The Entire History of Comics Art: On Paul Gravett’s Treatise

By Anne Elizabeth MooreAugust 28, 2014

Comics Art by Paul Gravett

EVEN IF you had never seen a book of any kind, and your only available source material was your imagination, it would be clear to you that language and images are universal approaches to communication, and that combining them into a sequential narrative would have an impact. Indeed, if you have seen books, particularly those that describe a history of comics, you know that the celebrated origins of sequential narratives include paintings in the Lascaux Caves in France (15000 BC) and Egyptian hieroglyphics (3200 BC to 400 AD). Despite this lengthy global pedigree, most overviews of comics art skip the next 1,500 years, and fail to mention another African example of the form again. What we end up with is a needlessly narrow history of comics, one that even a person who has never seriously considered the form senses might be missing something.


Any overview of comics will miss something, of course, because that is what overviews do. But the fact is that they all tend to leave out the same things: examples of work from the global South, work by women and people of color, work created primarily for communication purposes (which is usually created by folks in poverty), or work published in non-Western languages. This results in a very selective field indeed, like deciding to recount the history of music without familiarity with any instruments other than the flute, or deciding to teach the history of architecture entirely based on buildings in Manhattan.


This needlessly neglectful historiography began a hundred years ago, and has only become more entrenched. It’s too large a problem to resolve in a single essay, but it is the context through which we must view Paul Gravett’s Comics Art.


¤


“Listen closely.
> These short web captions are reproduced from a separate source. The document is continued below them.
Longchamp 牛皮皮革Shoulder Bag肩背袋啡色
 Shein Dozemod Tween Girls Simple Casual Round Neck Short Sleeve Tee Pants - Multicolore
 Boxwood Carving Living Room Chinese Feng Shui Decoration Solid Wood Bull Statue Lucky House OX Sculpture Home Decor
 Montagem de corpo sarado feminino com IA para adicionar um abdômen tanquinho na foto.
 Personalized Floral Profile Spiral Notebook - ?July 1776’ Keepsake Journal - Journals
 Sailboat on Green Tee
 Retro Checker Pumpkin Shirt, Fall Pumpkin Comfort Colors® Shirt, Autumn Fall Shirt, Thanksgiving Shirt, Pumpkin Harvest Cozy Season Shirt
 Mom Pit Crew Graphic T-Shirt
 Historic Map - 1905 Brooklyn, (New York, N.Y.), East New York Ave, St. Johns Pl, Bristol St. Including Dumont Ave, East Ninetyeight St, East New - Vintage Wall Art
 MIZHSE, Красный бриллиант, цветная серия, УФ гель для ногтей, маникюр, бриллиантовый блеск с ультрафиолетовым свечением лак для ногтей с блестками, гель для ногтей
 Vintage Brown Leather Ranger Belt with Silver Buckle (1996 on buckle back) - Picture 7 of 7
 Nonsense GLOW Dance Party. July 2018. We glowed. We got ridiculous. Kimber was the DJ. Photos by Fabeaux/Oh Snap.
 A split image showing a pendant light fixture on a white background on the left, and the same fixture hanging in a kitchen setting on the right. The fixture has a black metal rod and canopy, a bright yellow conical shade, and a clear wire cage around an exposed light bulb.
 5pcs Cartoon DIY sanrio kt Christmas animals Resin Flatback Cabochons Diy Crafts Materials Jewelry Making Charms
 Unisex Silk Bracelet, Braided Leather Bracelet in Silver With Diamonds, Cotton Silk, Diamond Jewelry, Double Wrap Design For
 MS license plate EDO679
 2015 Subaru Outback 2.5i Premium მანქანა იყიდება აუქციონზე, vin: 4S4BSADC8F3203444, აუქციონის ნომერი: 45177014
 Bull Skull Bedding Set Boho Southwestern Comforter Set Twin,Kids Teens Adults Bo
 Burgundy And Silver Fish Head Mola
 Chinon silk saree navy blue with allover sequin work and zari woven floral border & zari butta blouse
It never stops,” Gravett’s text begins promisingly.


You can almost make out the scratching of pens and pencils onto paper, the tapping of typewriters, the clicking of computers, the buzz of printing presses and binders, all the assorted sound effects of writers, artists, and printers creating more comics every minute all over the world.


Immediately heralded as a masterful work in the field (in The Observer, Aesthetica, New Statesman, PopMatters, and others), Comics Art is a history very well told. Gravett skillfully distills over 115 years into a concise and neat narrative, with light prose and thoughtful reflection.


He begins the book with a discussion of New Zealander Dylan Horrocks’s Hicksville, a graphic novel focused on a comics utopia — a library containing the past and present of comics, where everything is housed and accessible, all comics everywhere, even little-known works by famous creators. Gravett latches on to this last idea, forging a narrative around the fact that Pablo Picasso never made comics. Yet he ignores what might be truly radical about a space where all the comics ever created are housed together: there we could see for ourselves that the history we’d been told — the one already replete with famous white men, such as Picasso — was the least interesting story that could have been constructed. That Gravett spends precious lines in the short text imagining what Picasso’s comics might be like and whether or not their creation was ever feasible tells us much: Gravett is less interested in what comics do than in how they are perceived, than in their canonization. The primary misfortune of Comics Art is that it is not a collection of all comics — those available for collecting have been pre-narrowed by the ravages of time; Gravett narrows the whole further with his predilection for a certain interpretation of the canon.


This is unfortunate, for the opening moments of the book indicate a far richer possibility for an expansion of the form, which also happens to be true: artists everywhere already are making comics. We just need to dig a little deeper than the reductive, strife-free canon has led us to believe.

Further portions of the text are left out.